I’ve moved a lot in my life. 22 times to be exact. I’ve moved within the same city, cross country, and internationally. In most of these places I took up residence for a year or less. Over the years I’ve learned how to adjust quickly to new living situations. It’s never as easy as unpacking my bags. I’ve had to adapt culturally and linguistically many times, adjust to new time zones, new systems of transportation, and new climates. I’ve moved solo, with strangers, friends, family, and my SO. You would think that after all these years, moving would be a piece of cake for me. It’s not. To be honest, transitions still shake me up. Fortunately, I’ve discovered that when I prioritize my health during these transitional periods, I am able to adapt to my new homes speedily and recover from any emotional or psychological baggage I carried with me.
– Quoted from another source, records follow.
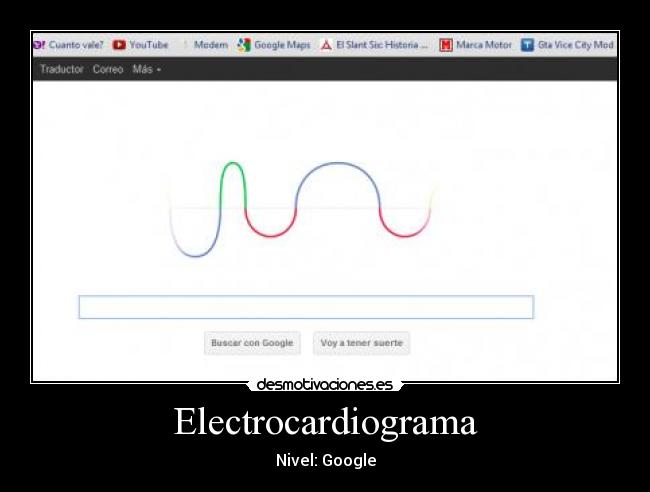 Electrocardiograma -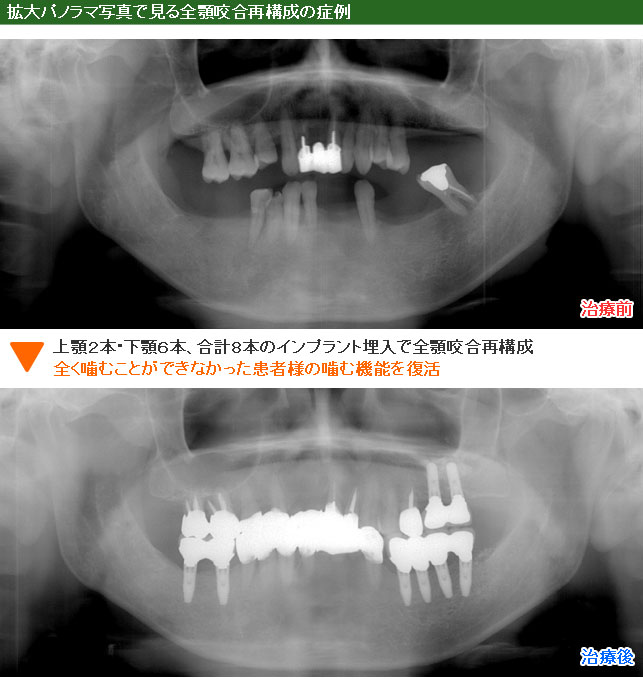 インプラント治療例８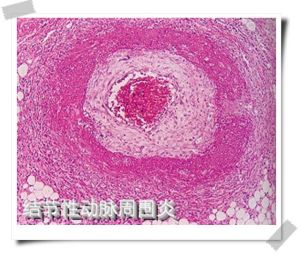 結節性動脈周圍炎 結節性動脈周圍炎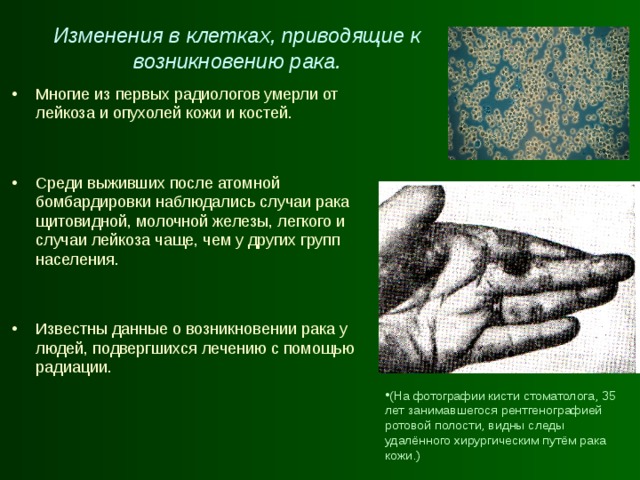 Изменения в клетках, приводящие к возникновению рака. Многие из первых радиологов умерли от лейкоза и опухолей кожи и костей.  Среди выживших после атомной бомбардировки наблюдались случаи рака щитовидной, молочной железы, легкого и случаи лейкоза чаще, чем у других групп населения.  Известны данные о возникновении рака у людей, подвергшихся лечению с помощью радиации. (На фотографии кисти стоматолога, 35 лет занимавшегося рентгенографией ротовой полости, видны следы удалённого хирургическим путём рака кожи.) 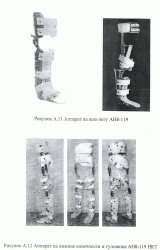Lower limb and torso orthopaedic apparatus AN8-119 tubing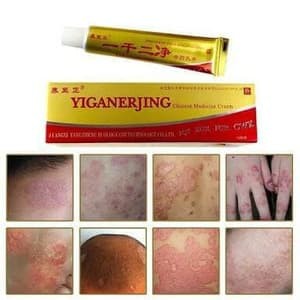 Yiganerjing Obat Gatal Jamur Salep Eksim Yiganerjing Dermatitis Salep Cream Herbal Gatal Kulit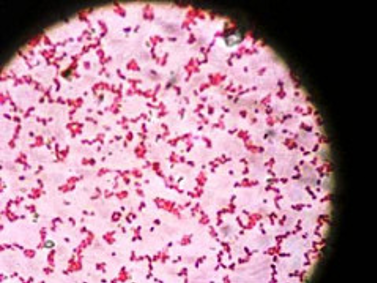 File:Campylobacter jejuni.png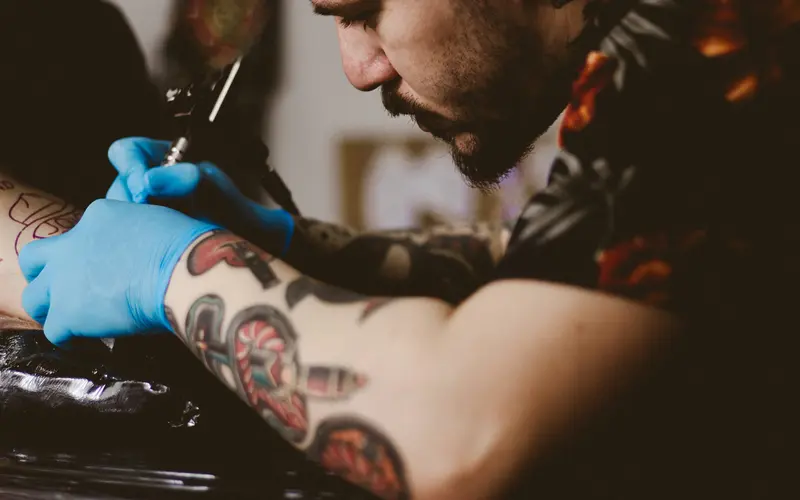 The Painful and Costly Process of Tattoo Removal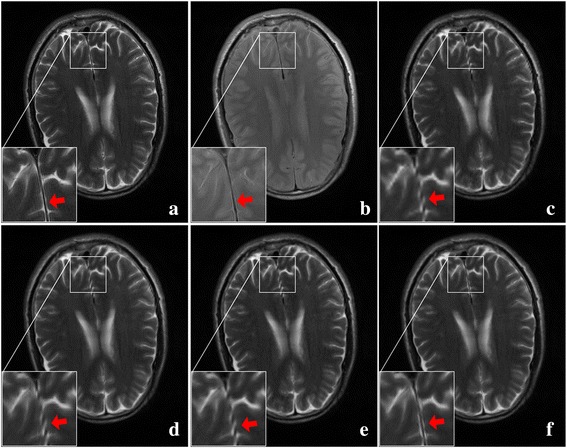 Fig. 10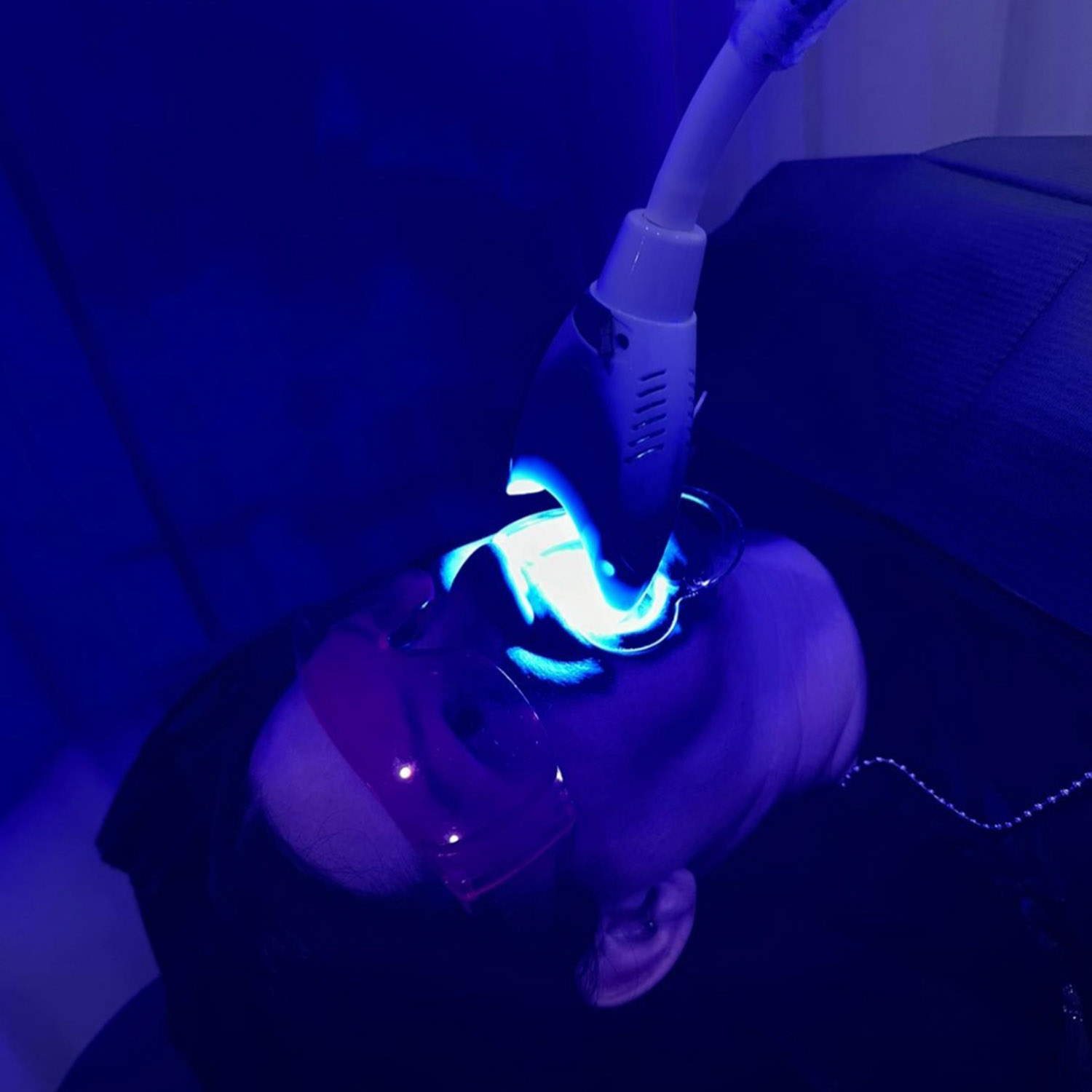 Teeth Whitening Treatment using modern equipment and technique at Rejuvenate Laser & Skin Clinic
So for all you hustling millennials who are hopping to a new city every year, this is for you. Whether you are moving for a new job or grad school, a new neighborhood or across the world – don’t let your next move be the death of you.

Here are 5 Tips to Stay Healthy in Your Transition

1. Get to know your local grocery stores, farmers markets and restaurants.

If I can’t cook a meal for myself for more than a week, my whole system is completely thrown off. That’s why learning where and how to get to the nearest grocery store is my top priority when I move. Each grocery store is laid out a bit differently and can carry a unique set of products that you might not be used to. Take time to familiarize yourself with what it has to offer and where to find your favorite ingredients. I highly recommend going on a day that you are not extremely crunched for time and aren’t pressed to find everything on your grocery list. That way you can browse at your leisure, make mental notes of what’s available, and make your future trips easier and faster.

If your closest grocery store doesn’t have everything you need, choose one day to explore what other options are available to you. Is there a local co-op nearby or a farmer’s market? Find out their opening hours and visit them. Finding a local farmers market is especially helpful because it allows you to learn what produce is available in your area. I also love going to new farmers markets because the people that attend them, and the farmers that sell their produce there are usually super friendly. Plus, it’s a great opportunity for social interaction! Even if you just ask how to “choose the best peaches” these little social interactions can go a long way in making you feel at home.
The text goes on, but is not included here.